The 20 leading industry risks, including those for hydraulic fracturing (fracking), “continue to hold steady, with few new concerns bubbling up,” according to the BDO Oil and Gas RiskFactor Report, which used the public filings to complete an analysis of the top 100 based on revenue. The fourth annual report examined the risk factors listed by the E&Ps and ranked them in order of the frequency cited, similar to the previous surveys (see Shale Daily, June 5, 2013).
The consistency of the two leading risks over the past four years — regulatory changes and commodity price volatility — suggest that companies remain primarily concerned about interruptions to the industry’s ongoing growth, the authors noted. However, there are two emerging risks that the filings indicated: demand for qualified leadership and the ability to recover undeveloped resources.
“The nonconventional oil and gas industry is a highly competitive space, with new wells coming online and more companies entering the game all the time,” said Charles Dewhurst, who leads the natural resources practice for BDO USA LLP. “As the industry continues its upward trajectory, we may expect to see a growing number of companies vying for a relatively static and selective pool of prospects, leadership and labor.”
In this year’s survey, 80 companies cited the ability to attract and retain key personnel as a top risk, up by almost 10% from a year ago.
“As the sector continues to grow, the number of operational entities has proliferated, with the U.S. Bureau of Labor Statistics indicating that the number of active E&P companies increased by about 27% between 2003 and 2012,” the report noted. “As a result of this growth, competition to attract a selective group of highly qualified executives has intensified.”
About 81% expressed “increasing apprehension that they may be unable to recover their undeveloped reserves economically or before their leases expire. This marks a one-third increase since 2013.”
The risk most frequently cited — increasing federal, state and international regulations — has been an ongoing trend.
“All companies analyzed list regulation as a risk, and this year, there was a slight uptick (2%) in the number of companies mentioning health and environmental regulation.”

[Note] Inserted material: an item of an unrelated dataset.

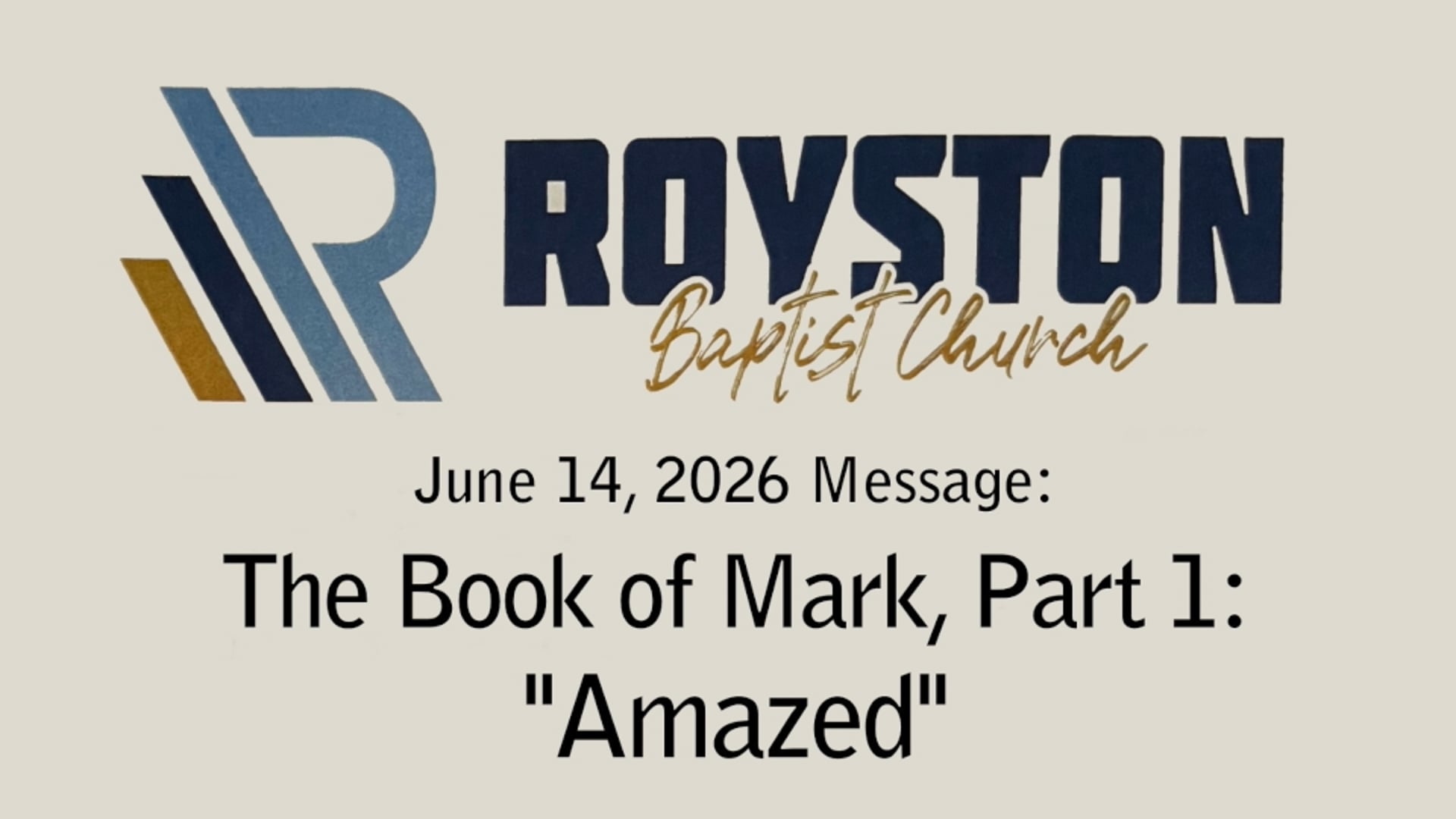 Royston Baptist Church 11 AM Worship Service Message for June 14, 2026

Few organizations cited climate change and greenhouse gas regulations as a risk. The recent U.S. Supreme Court ruling empowering the Environmental Protection Agency (EPA) to take stronger action on carbon emissions may ultimately have unanticipated reverberations from upstream to downstream, said the authors.
Standard & Poor’s Ratings Services in a report Wednesday said extreme weather events were responsible for 90% of documented natural catastrophe loss events in 2013, causing $124.5 billion of overall losses out of the $135 billion total natural catastrophe losses. “We think industry regulators and investors are likely to focus more closely on climate and carbon risks as an indicator of company performance and, for the latter, value,” analysts said.

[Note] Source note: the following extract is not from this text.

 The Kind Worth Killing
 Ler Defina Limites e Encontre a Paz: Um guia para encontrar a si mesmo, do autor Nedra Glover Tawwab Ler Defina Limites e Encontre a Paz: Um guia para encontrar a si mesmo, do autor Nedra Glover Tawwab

Most companies (85%) surveyed by BDO said they had risks associated with using hedging instruments to offset commodity price fluctuations, not a surprise.

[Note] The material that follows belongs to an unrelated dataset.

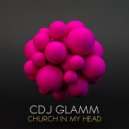 Cdj Glamm - Church In My Head (Original Mix)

“Many oil and gas companies entering into hedging agreements in the current pricing environment could lose out on potential profits should prices increase,” BDO noted. “Many also express concern that counterparties to these derivatives transactions may default — a risk specifically noted by 65%.”
Regarding fracking risks, the companies referenced operational risks in their 10-Ks, with about one in four specifically using the terms fracking and horizontal drilling technology as concerns. Last year’s analysis was the first in which fracking was named as a top 20 risk. Eighty-five percent of the companies reports this year said regulation associated with fracking was a risk factor, consistent with 2013 and almost double those citing it in BDO’s inaugural report in 2011.
“Nevertheless, the lack of significant increase this year suggests that companies are more prepared for regulation and are seeking to cooperate with both the government and public to manage fracking’s potential impact on communities, the land and the environment.”
The findings on fracking risks appear to mirror some statements made by industry representatives during an oversight hearing Tuesday of a subcommittee of the House Committee on Natural Resources (see Daily GPI, May 20). Some of those testifying said the industry recognizes that it is in its best interest to assure the public that fracking is being done safely, but it is wary of government oversight. EPA issued an advance notice of a proposed rulemaking earlier this month to seek comments on what fracking chemicals and mixtures should be disclosed by operators (see Shale Daily, May 9).